Recognize Spinning Wheels
These multiple avenues of communication are especially important when teaching technical skills. Not all questions or problems are the same: students can work through some on their own, but others can take them days to troubleshoot. Some amount of frustration is a necessary part of learning, and I do think it’s necessary that students learn to confront technical problems on their own. But not all frustration is pedagogically productive. There comes a point when you have tried a dozen potential solutions and you feel as though you have hit a wall. An extra set of eyes can (and should) help. Eric and I talked constantly about how to recognize when it was time for me to ask for help, and low-impact channels of communication like IRC could allow him to give me quick fixes to what, to me at least, seemed like impossible problems. Software development is a collaborative process, and asking for help is an important skill for humanists to develop.
In-person Meetings Can Take Many Forms
When we met, Eric and I did a lot of different things. First, we would talk through my questions from the previous week. If I felt a particular section of code was clunky or poorly done, he would talk and walk me through rewriting the same piece in a more elegant form. We would often pair program, where Eric would write code while I watched, carefully stopping him each time I had a question about something he was doing. And we often took time to reflect on where the collaboration was going – what my end goal was as well as what my tasks before the next meeting would be. Any project has many pieces that could be dealt with at any time, and Eric was careful to give me solo tasks that he felt I could handle on my own, reserving more difficult tasks for times in which we would be able to work together. All of this is to say that any single hour we spent together was very different from the last. We constantly reinvented what the meetings looked like, which kept them fresh and pedagogically effective.
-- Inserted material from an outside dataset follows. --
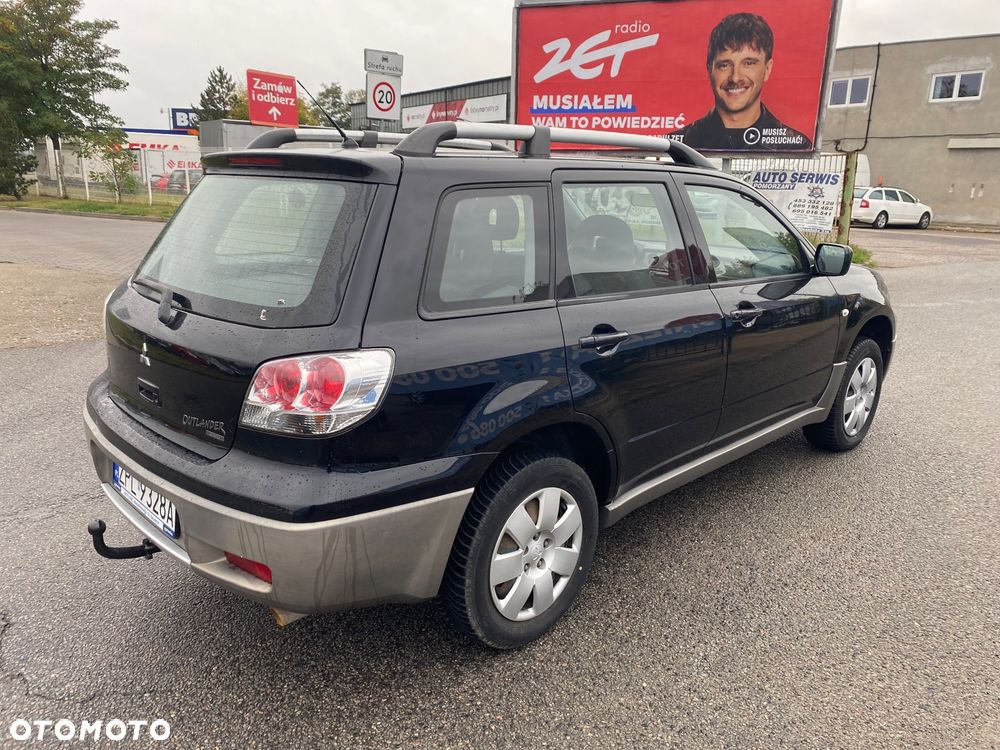 Mitsubishi Outlander 2.0 Comfort 4WD - 21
This is my best attempt to recreate my experience of working in such a close mentoring relationship with Eric. Obviously, the collaboration relies on an extremely low student-to-teacher ratio: I can imagine this same approach working very well for a handful of students, but this work required a lot of individual attention that would be hard to sustain for larger classes. One idea for scaling the process up might be to divide a course into groups, being training one, and then have students later in the process begin to mentor those who are just beginning. Doing so would preserve what I see as the main advantage of this approach: it helps to collapse the hierarchy between student and teacher and engage both in a common project. Learning takes place, but it does so in the context of common effort. I’d have to think more about how this mentorship model could be adapted to fit different scenarios. The work with Eric is ongoing, but it’s already been one of the most valuable learning experiences I have had.